# Record excerpts
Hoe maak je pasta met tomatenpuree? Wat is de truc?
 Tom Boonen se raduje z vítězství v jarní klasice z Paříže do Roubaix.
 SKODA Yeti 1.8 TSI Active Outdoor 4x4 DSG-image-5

--

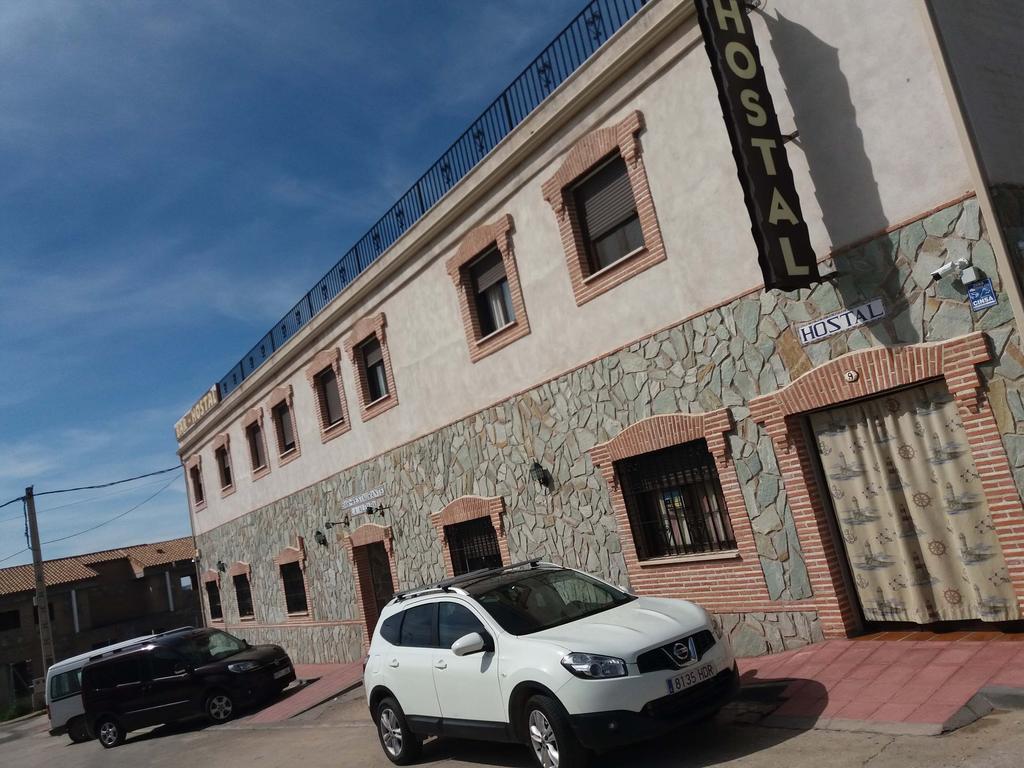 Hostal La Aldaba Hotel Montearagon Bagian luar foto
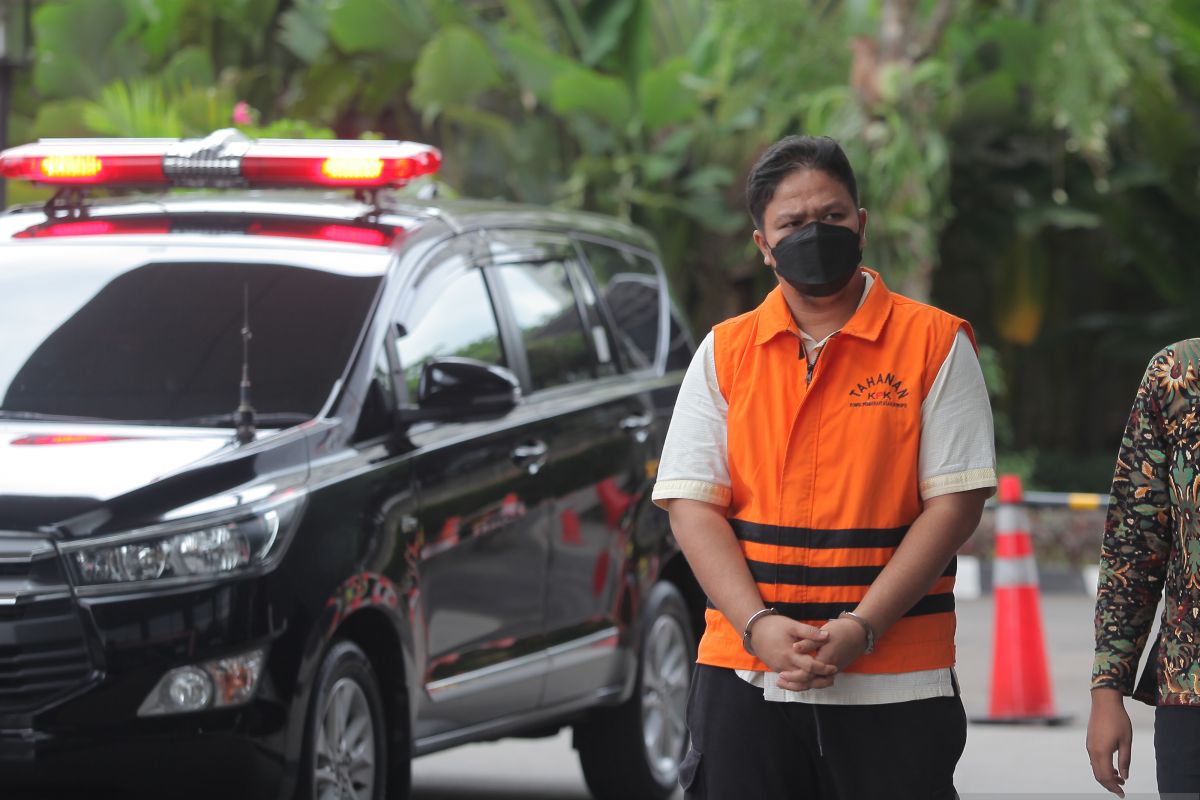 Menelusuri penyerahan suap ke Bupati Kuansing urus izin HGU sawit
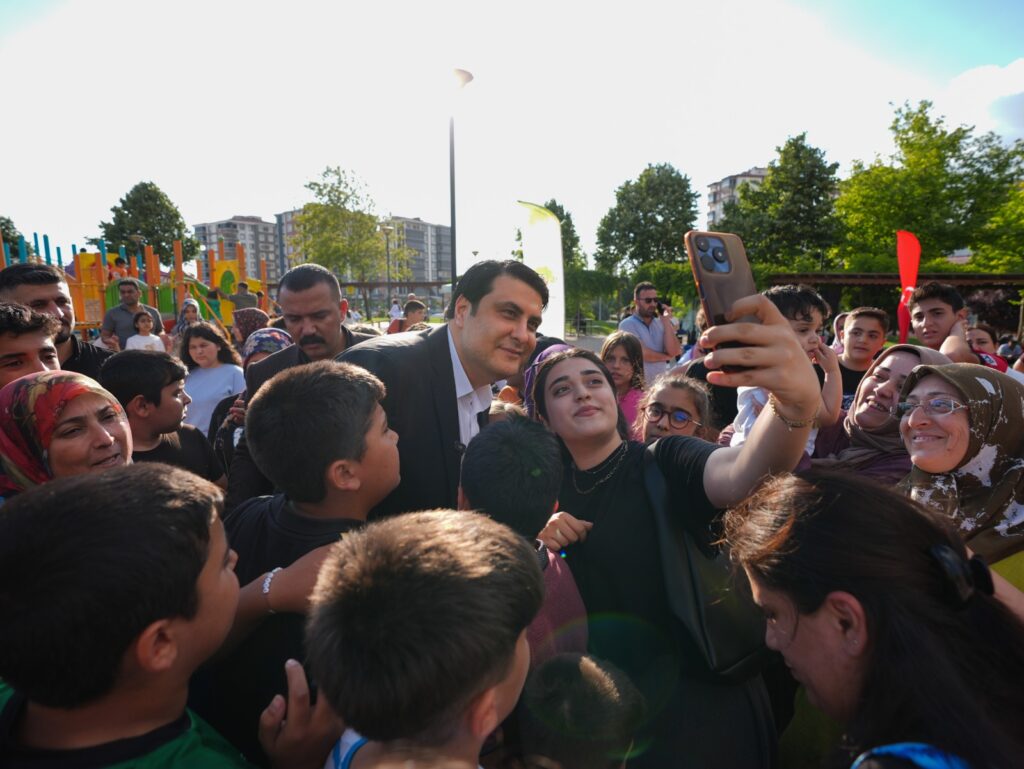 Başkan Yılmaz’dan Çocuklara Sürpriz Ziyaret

--

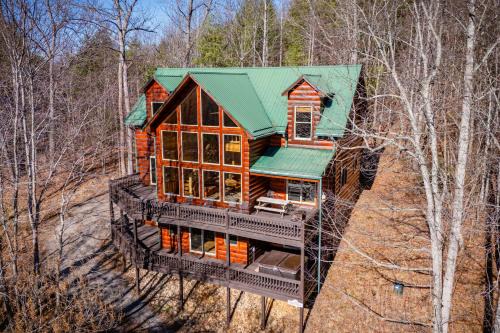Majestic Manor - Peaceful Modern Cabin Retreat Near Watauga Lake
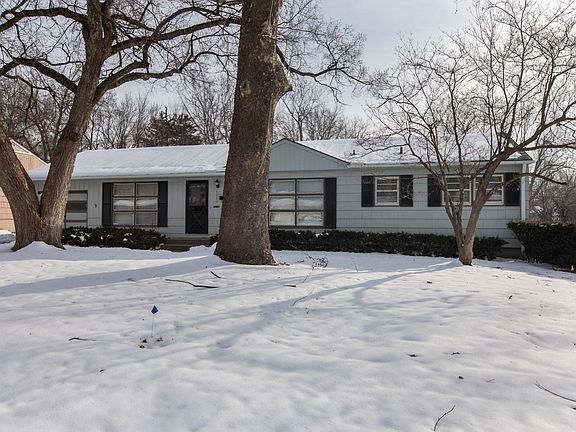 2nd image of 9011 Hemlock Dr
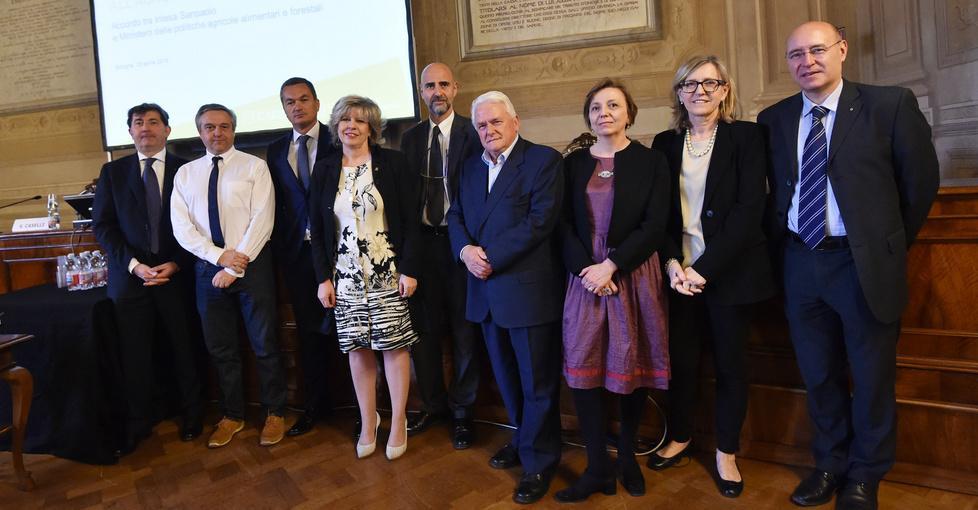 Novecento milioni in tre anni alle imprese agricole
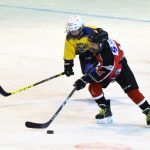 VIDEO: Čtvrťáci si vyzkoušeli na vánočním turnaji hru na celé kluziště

# What you will do
For the data above, set down exactly the lines from the line with "2nd image of 9011 Hemlock Dr" to the line with "VIDEO: Čtvrťáci si", both included, leaving pictures out.

# Finished exercise
 2nd image of 9011 Hemlock Dr
 Novecento milioni in tre anni alle imprese agricole
 VIDEO: Čtvrťáci si vyzkoušeli na vánočním turnaji hru na celé kluziště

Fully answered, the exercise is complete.